‘Mushk’ review — a technically sound play

By Adnan Murad

Sania Saeed
Sania Saeed in ‘Mushk’ | Olomopolo Media

Mushk is a technically sound play armed with a compulsive visual evocation of the location in which it is set. Director Kanwal Khoosat takes her time to dote on and savour the shallow material things we covet as human beings.

Everything seems perfectly in place for Kanwal to deliver a great play in Mushk, from excellent material to top-notch actors. Instead, there is something undercooked here. Even though the result is entirely adequate, it is inexplicably lacking in passion.

Mushk unfolds through dialogues and extended conversations between Sophia Noor (Nimra Bucha), a reclusive writer, and a self-proclaimed journalist, Zoey Kabeer (Sania Saeed), in the middle of an evening amid the mountains, where Sophia has settled to avoid the clamour of bustling cities. Zoey is here to interview Sophia after the success of her new book, Ishq Mushk.

As soon as Zoey enters Sophia’s home, there is the sense in that very moment that there is no going back. These women are starkly differently from each other—and it is very obvious too—but their lives continue to intertwine for the next two hours.

Nimra Bucha
Nimra Bucha in ‘Mushk’ | Olomopolo Media

The colours of their dresses are also carefully chosen. Sophia wears a red gown, signifying passion, desire and burgeoning emotions. On the other hand, Zoey’s clad in a yellow sari, exuding optimism. It is clear that their character traits do not match, but both of them are unabashedly poetic in nature.

What follows their conversations is a slow-burning fuse of desire. Kanwal’s subtle direction of the actors makes it clear that these women want each other’s company. Halfway through the play, they also start revealing their personal lives. This tension should drive the play, but the scenes leading up to their inevitable confrontation come off as surprisingly dull and weightless.

On my second viewing of Mushk on Saturday in Karachi, I realised what disturbed me about it. Everything is just too painstakingly staged. The facade constructed around the protagonists is so fragile that even the slightest breeze could shake its foundations. There is pain in the story, but we are never allowed to experience it as anything other than a construct.

Of the three characters, Gauher Hayat’s portrait, created by Sophia and Zoey, impressed me the most. Gauher, who doesn’t even appear on the stage, gives the most interesting performance simply because the women in this play embody his passion with a glorious élan.

Sania Saeed and Nimra Bucha
Sania Saeed and Nimra Bucha in ‘Mushk’ | Olomopolo Media

Sania Saeed, who is one of my favourite actors, has the hardest role to play here, and she does an excellent job portraying insecurity laced with the kind of intrepidness one only has when in extreme pain.
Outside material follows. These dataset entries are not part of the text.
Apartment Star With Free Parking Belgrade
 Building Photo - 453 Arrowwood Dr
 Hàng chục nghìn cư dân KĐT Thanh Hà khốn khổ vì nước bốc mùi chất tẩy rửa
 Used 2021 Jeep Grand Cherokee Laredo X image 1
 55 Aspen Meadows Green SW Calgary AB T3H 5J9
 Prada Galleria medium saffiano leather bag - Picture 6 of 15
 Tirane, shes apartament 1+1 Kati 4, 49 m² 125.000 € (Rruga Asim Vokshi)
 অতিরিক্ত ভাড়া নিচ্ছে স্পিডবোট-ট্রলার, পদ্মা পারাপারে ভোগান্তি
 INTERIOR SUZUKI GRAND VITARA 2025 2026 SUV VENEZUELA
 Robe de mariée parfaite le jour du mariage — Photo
On the other hand, Nimra Bucha, who mesmerised me with her career-defining turn in Manto, is just fine.

The real star of this play is Gauher Hayat and the way it looks, not the story it tells. Seemal Numan and Raabia Qadir, who have written this play, are in good form here, but also too ambitious to make an impact.

I hate being on the fence here, but for all its joys, I can’t recommend Mushk. It left me emotionally cold. I left the theatre thinking how this could have been made differently. How the director could have handled the actors better? How the writers could have lowered the bar of their ambitions to address, at least, one topic with finesse?

For this reason, Mushk ends up being a ‘yes, but’ experience for me. It is a smartly crafted play, but it stays on its polished surfaces only. It is intelligent enough to make a point, but not probing or risky enough to hit your conscience hard.

However, resolution only resides in the unresolved, which is why the play’s open-endedness is so apt. And in Mushk’s final scene, in which Zoey advances toward a waiting Sophia, the body movement of Zoey suddenly gets shaky to match her uncertain, excitable gait. The promise of closure, although crucially not its delivery, provides this play with its ‘one truly alive moment’ here.